Saturday, September 18, 2010

The Worst Poet Ever - Officially















This evening I won a poetry contest sponsored by the college literature society, The Broadside. This sounds rather impressive, until someone tells you that it was a bad poetry contest, in which the person who could write the worst poem won. It was actually a lot of fun though. I hadn't written anything funny in a long time, and this was definitely a good opportunity. I was told at the beginning that the prizes were intended to "match the quality of the poetry", so I wasn't really sure what to expect. I ended up taking home these to adorable mugs though, so it was all worth it....

I have decided against posting the winning poem here for several reasons, however, if you real must read it, I think it may be available on The Broadside's facebook fan page at some point.


This week I did a lot of reading.
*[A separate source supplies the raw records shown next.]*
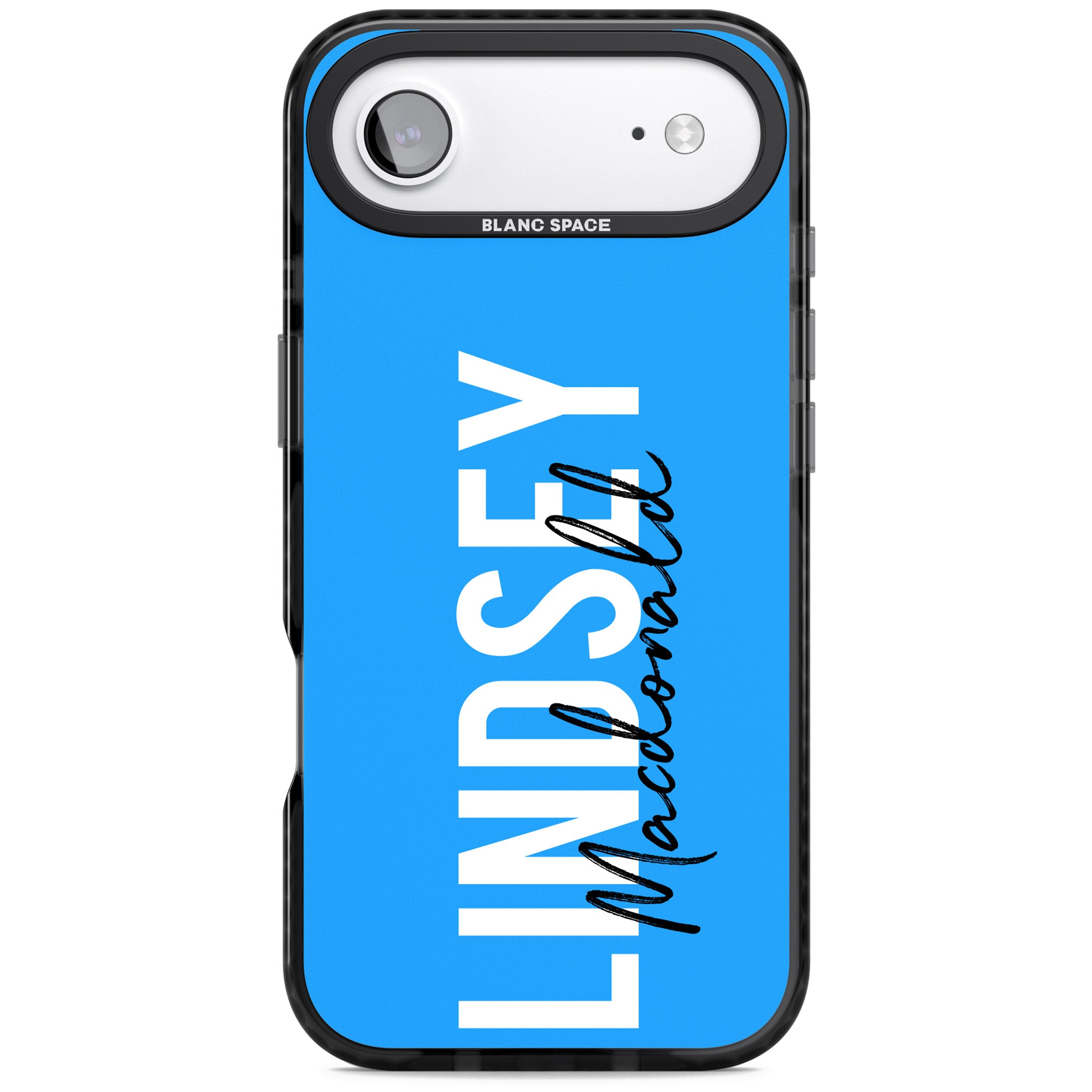 Personalised Bold Name: Blue iPhone 17 Air Impact Pro Black Phone Case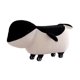 thumbnail image 1 of Taburete rodante con ruedas y diseño de animales adorables, cambiador de zapatos pequeño con dibujos animados. Negro, 1 of 9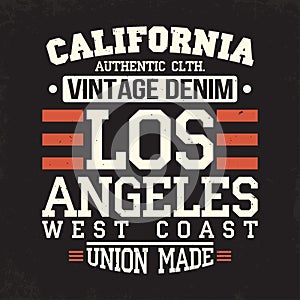 California Los Angeles t-shirt graphics. Vintage denim typography, t-shirt graphics, poster, banner, textile, apparel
For my Psychology of Comm class I had to write a response to Blink by Malcolm Gladwell. This of course meant that I had to read it, and this detail was complicated by the fact that I didn't actually get the book from Amazon until last Saturday. I finished the book at around one Thursday morning, and finished the response sometime around two. It was well worth it though. I had intended to post my entire response on here, but realized that it was a bit long-winded, and might give away a few things that someone wanting to read the book might not really want to know. So to summarize, Blink is about making decisions based on subconscious intuition, as opposed to analytical thought process. Gladwell, among other things, points out a number of situations and case studies in which having too much information hinders peoples ability to react correctly, and instinct wins the day. After presenting lot's of cases that challenge everything we thought we knew about how our minds work, the book is a bit vague in it's conclusions. Still, I would definitely recommend it to anyone interested in psychology or communication, or who just appreciates good writing. Also, I would recommend you get a copy that has the "New Afterword by the Author", as it provides some conclusion and closure that the book itself lacks (the one I have pictured here has the afterword, but those of some people in class didn't, and I think it showed in the conclusions they came to about the book).

1 comment:

Lindsay said...

Reading Blink for Psych of Comm turned me on to all of Malcolm Gladwell's books. I especially recommend Outliers.